The last digit of a multiple of 2 is an even number. The last two digits of a multiples of 4 is divisible by 4.

Being able to recognise multiples of the single-digit multipliers is very useful for lots of applied math questions. Multiples of 2 are easily recognised as “even numbers”, or number whose ones are divisible by 2. Since 10 is divisible by 2, any number of tens is even; therefore the test for divisibility by 2 relies only on checking the number of ones.

e.g., Is 376 a multiple of 2? Since 6 is an even number, the answer is “yes”

This idea is extended to the last two places when testing a number for divisibility by 4. Since 100 is a multiple of 4, the hundreds do not need to be tested. The multiples of 4 up to 40 or 48 should be memorized facts for students at this level. Two-digit numbers beyond this can be tested by dividing by 4 using an algorithm, or by halving twice.

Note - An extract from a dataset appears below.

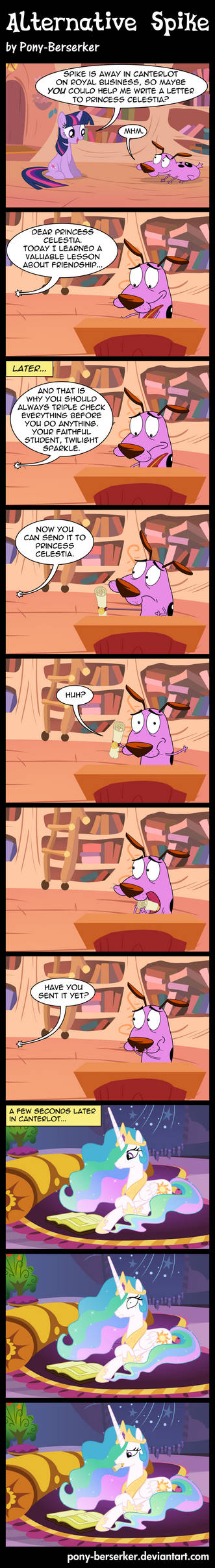 Alternative Spike by Pony-Berserker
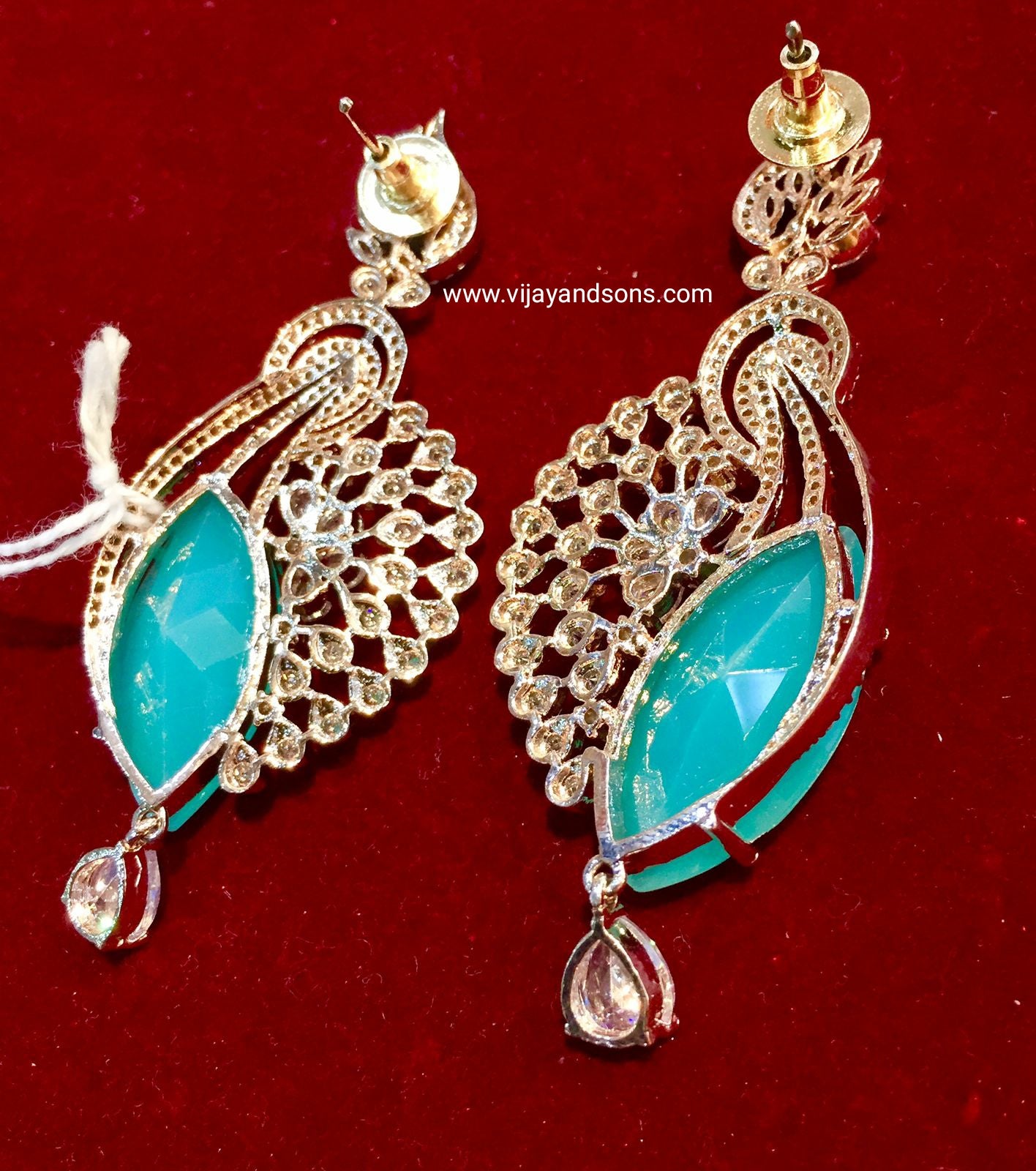 American diamond earrings 353467 - Vijay & Sons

e.g., Is 82 divisible by 4? We can halve 82, getting 41. But since 41 cannot be halved, we know that 82 is not divisible by 4.

Extending These Facts:

Students who recognise the reason why multiples of 2 have an even number of ones and multiples of 4 have a number of tens and ones which is a multiple of 4 may like to come up with a rule for divisibility by 8, or 16, or even 32. Alternatively, they could investigate rules for divisibility by 5 or 25.